*COLLECTED MATERIAL*:
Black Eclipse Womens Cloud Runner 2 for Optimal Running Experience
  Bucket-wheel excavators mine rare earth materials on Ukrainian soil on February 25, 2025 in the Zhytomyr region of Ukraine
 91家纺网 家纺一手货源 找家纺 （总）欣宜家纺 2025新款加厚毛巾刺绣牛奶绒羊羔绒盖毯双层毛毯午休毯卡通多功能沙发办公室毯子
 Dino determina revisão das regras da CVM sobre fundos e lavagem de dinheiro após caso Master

*AIM OF THE TASK*:
The material above must be output in full. Keep every word as it is.

*YOUR SOLUTION*:
Black Eclipse Womens Cloud Runner 2 for Optimal Running Experience
  Bucket-wheel excavators mine rare earth materials on Ukrainian soil on February 25, 2025 in the Zhytomyr region of Ukraine
 91家纺网 家纺一手货源 找家纺 （总）欣宜家纺 2025新款加厚毛巾刺绣牛奶绒羊羔绒盖毯双层毛毯午休毯卡通多功能沙发办公室毯子
 Dino determina revisão das regras da CVM sobre fundos e lavagem de dinheiro após caso Master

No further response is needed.